6 reasons you might not see an IRS ‘stimulus’ check
The IRS has released its delivery schedule for advanced recovery rebate payments. The IRS will issue these "stimulus checks" between May and July for taxpayers who filed their Form 1040 on time. The order of payments will be based on the last two digits of a taxpayer's Social Security number. (For a jointly filed return, payment schedule will be determined by the first Social Security number listed.)
The IRS says a small percentage of tax returns will require additional time to process. For these returns, stimulus payments may not be issued in accordance with the schedule above, even if the tax return was processed by April 15.
There are six reasons the rebate check may not make it to your pocket. Hawaii taxpayers should spend carefully until they know how much they'll get. Some taxpayers will not be eligible for a check at all, and could end up in a bind if they've already hit the mall counting on their rebate.
Why you may not be eligible for a timely rebate:
» You owe taxes.
If you owe back taxes to the IRS or any state government (including Puerto Rico and American Samoa), you could see your rebate slashed or cut altogether.
» You make too much money.
Rebate payments will begin to phase out for taxpayers with adjusted gross incomes of more than $75,000, and for married couples filing jointly with income over $150,000. If your adjusted gross income is above those levels, calculate your rebate carefully before going on a spending spree. Payments start reducing by 5 percent of all adjusted gross income above the phase-out limits.
» You don't make enough money.
If you have less than $3,000 in qualifying income, don't expect a rebate. Only those with $3,000 or more of income will be eligible. However, taxpayers can count income normally exempt from taxation, like Social Security or veteran's benefits, to reach that level.
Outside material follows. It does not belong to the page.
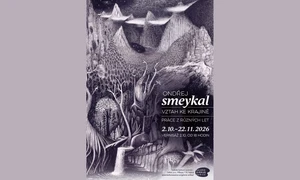 Ondřej Smeykal - VZTAH KE KRAJINĚ /práce z různých let/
» You don't file a tax return.
If you don't file a return, you won't receive a rebate. If you have more than $3,000 in qualifying income and are not required to file a return, you should still do so in order to receive a rebate.
» You're unlucky.
The rebates will be paid out according to the last two digits of the taxpayers Social Security number. The IRS warns that a small percentage of returns will take additional time to process. Taxpayers should be cautious of purchasing on credit in anticipation of a quick rebate check; they may pay unexpected interest if their return is held up.
» You don't have a valid Social Security number.
Taxpayers without Social Security numbers who file tax returns using an IRS Individual Taxpayer Identification Number are not eligible for a rebate. If married filing jointly, each person must have a valid Social Security number to receive the rebate.